ASSIGNMENT:
A word-for-word copy is needed of the line containing "Professional Automotive Battery" and every line after it through the end of the records below, leaving out all pictures.
• • • • •
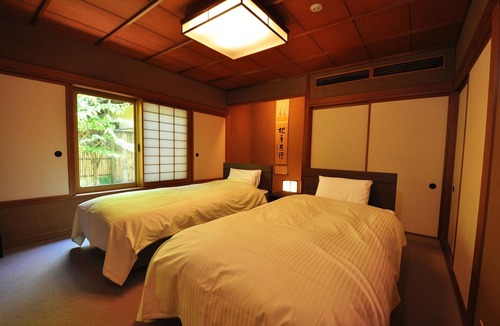 Tsukioka Onsen House | Tsukioka Onsen Imai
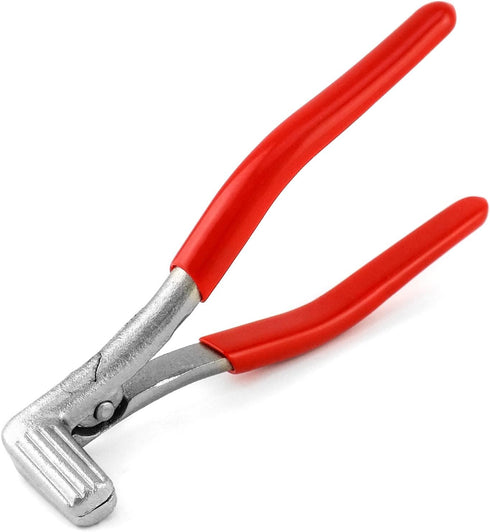 Professional Automotive Battery Terminal Spreader Tool - QWORK Pliers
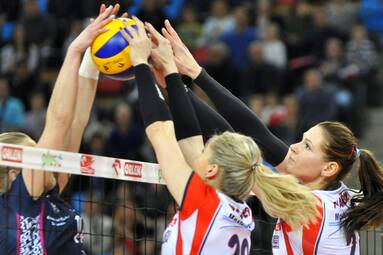 Grot Budowlani Łódź - Chemik Police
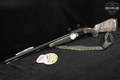 CVA Accura MR Nitride .50 caliber Black & Camo in Excellent Condition Image 3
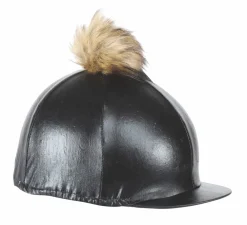 Metallic Hat Cover^Shires Equestrian Online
• • • • •
RESULT OF THIS EXERCISE:
 Professional Automotive Battery Terminal Spreader Tool - QWORK Pliers
 Grot Budowlani Łódź - Chemik Police
 CVA Accura MR Nitride .50 caliber Black & Camo in Excellent Condition Image 3
 Metallic Hat Cover^Shires Equestrian Online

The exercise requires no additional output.